The name of the newspaper was chosen to parody an old newspaper, the Mississippi Free Lance, which had been published by former Mississippi governor and U.S. Senator Theodore G. Bilbo, an ardent white supremacist. The Freelance criticized racism and ineptitude in Mississippi politicians, universities, and particularly the state's Mississippi State Sovereignty Commission. The newspaper's motto was "reporting the unreported." The paper's Washington bureau chief was journalist and historian Curtis Wilkie. Mississippi Freelance was published from April 1969 to March 1970.

Powell was hired as a feature writer at The Charlotte Observer in 1974 and remained at the newspaper until his retirement 35 years later. At the Charlotte Observer, Powell was known for his profiles of people, his annual “Carolina Follies,” an end-of-year collection of the absurd, his quizzes about North Carolina, his Milestones, and his 20 Questions. He retired as the paper’s Forum editor, having reviewed and published more than 50,000 letters to the newspaper. Powell retired from the Charlotte Observer in April 2009.
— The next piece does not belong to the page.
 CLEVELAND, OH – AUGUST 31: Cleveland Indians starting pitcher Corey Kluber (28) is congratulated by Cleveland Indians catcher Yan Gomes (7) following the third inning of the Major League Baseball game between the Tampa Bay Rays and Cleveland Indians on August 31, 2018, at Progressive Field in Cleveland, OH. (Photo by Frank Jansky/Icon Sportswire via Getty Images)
His work as a journalist at the Observer and his time in Charlotte led to a passion for the history and culture of North Carolina. In a newspaper article, Powell cites a particular interest in the conflicts between liberal ideology in Charlotte and conservative forces elsewhere in the state. Powell has published several books about North Carolina, with a focus on lesser-known and off-beat information about the state. His books include On This Day in North Carolina, which shares obscure facts about each day in the state’s history, The Ultimate North Carolina Quiz Book, and Lew Powell's Carolina Follies: A Nose-Tweaking Look at Life in Two Great and Goofy States. In 2011, he was interviewed in a documentary about Camp Greene, a World War I United States Army facility in Charlotte, North Carolina. He is a regular contributor to the blog North Carolina Miscellany, a project of the University of North Carolina’s North Carolina Collection.

==Personal life==
Powell lives in Charlotte, North Carolina with his wife, poet, author, and journalist Dannye Romine Powell.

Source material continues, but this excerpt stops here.